• **Dataset**:

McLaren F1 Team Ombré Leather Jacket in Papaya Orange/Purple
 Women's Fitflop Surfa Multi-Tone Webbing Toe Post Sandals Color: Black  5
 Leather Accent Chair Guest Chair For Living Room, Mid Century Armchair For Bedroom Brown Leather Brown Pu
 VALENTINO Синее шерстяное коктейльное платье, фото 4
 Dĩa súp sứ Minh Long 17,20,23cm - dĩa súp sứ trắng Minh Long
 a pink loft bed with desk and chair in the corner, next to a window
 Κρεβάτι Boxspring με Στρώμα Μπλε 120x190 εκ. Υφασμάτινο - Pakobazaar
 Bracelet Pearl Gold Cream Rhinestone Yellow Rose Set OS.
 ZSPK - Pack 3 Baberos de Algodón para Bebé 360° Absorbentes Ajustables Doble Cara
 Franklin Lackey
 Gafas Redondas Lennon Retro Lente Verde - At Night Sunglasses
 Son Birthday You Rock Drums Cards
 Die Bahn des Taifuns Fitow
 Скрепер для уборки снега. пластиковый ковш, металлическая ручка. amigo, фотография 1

• **Exercise aim**:
Each record above must be given again exactly.

• **Finished exercise**:
McLaren F1 Team Ombré Leather Jacket in Papaya Orange/Purple
 Women's Fitflop Surfa Multi-Tone Webbing Toe Post Sandals Color: Black  5
 Leather Accent Chair Guest Chair For Living Room, Mid Century Armchair For Bedroom Brown Leather Brown Pu
 VALENTINO Синее шерстяное коктейльное платье, фото 4
 Dĩa súp sứ Minh Long 17,20,23cm - dĩa súp sứ trắng Minh Long
 a pink loft bed with desk and chair in the corner, next to a window
 Κρεβάτι Boxspring με Στρώμα Μπλε 120x190 εκ. Υφασμάτινο - Pakobazaar
 Bracelet Pearl Gold Cream Rhinestone Yellow Rose Set OS.
 ZSPK - Pack 3 Baberos de Algodón para Bebé 360° Absorbentes Ajustables Doble Cara
 Franklin Lackey
 Gafas Redondas Lennon Retro Lente Verde - At Night Sunglasses
 Son Birthday You Rock Drums Cards
 Die Bahn des Taifuns Fitow
 Скрепер для уборки снега. пластиковый ковш, металлическая ручка. amigo, фотография 1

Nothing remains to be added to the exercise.